2.2 Gevaren bij de omgang met de plaatwarmtewisselaar
De plaatwarmtewisselaar is gebouwd volgens de stand der techniek en de erkende veiligheidstechnische
regels. Desalniettemin kunnen bij het gebruik ervan – en vooral bij verkeerd gebruik of misbruik –
gevaren voor:
•
lijf en leden van de bediener of van derden, ofwel
•
negatieve beïnvloeding van de besturing, ofwel
•
negatieve beïnvloeding van andere materiële voorwerpen ontstaan.
Alle personen die te maken hebben met opstelling, inbedrijfstelling, bediening, onderhoud en reparatie
van de plaatwarmtewisselaar, moeten:
•
daartoe geestelijk en lichamelijk geschikt zijn.
•
geïnstrueerd/geschoold zijn in de hantering.
•
deze gebruiksaanwijzing nauwkeurig in acht nemen.

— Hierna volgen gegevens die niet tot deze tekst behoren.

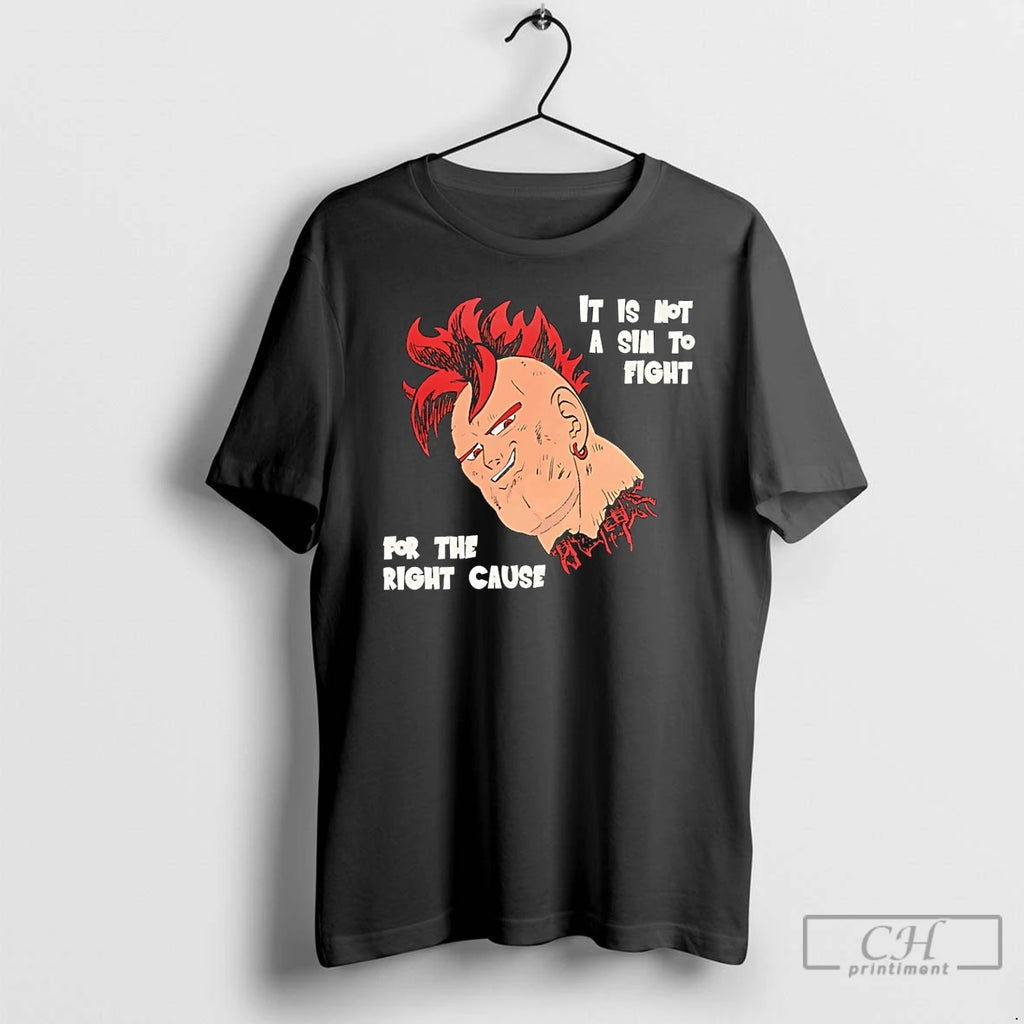 Classic It Is Not A Sin To Fight For The Right Cause T Shirts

2.3 Gevaarbronnen en restrisico's
Voor alle gevaarbronnen en restrisico's moeten aanvullend de bedieningshandleidingen van de individuele
ingebouwde componenten geraadpleegd worden.
Werkzaamheden aan plaatwarmtewisselaar mogen slechts uitgevoerd worden wanneer de
vloeistofpompen buiten bedrijf (spanningsloos geschakeld) zijn en de voorloop- en retourkleppen gesloten
zijn.
De plaatwarmtewisselaar mag slechts in bedrijf gesteld worden wanneer verzekerd is dat hij dicht is.
Tijdens de werking wordt de plaatwarmtewisselaar warm. Vóór werkzaamheden aan de
plaatwarmtewisselaar moet deze ten minste 30 minuten afkoelen.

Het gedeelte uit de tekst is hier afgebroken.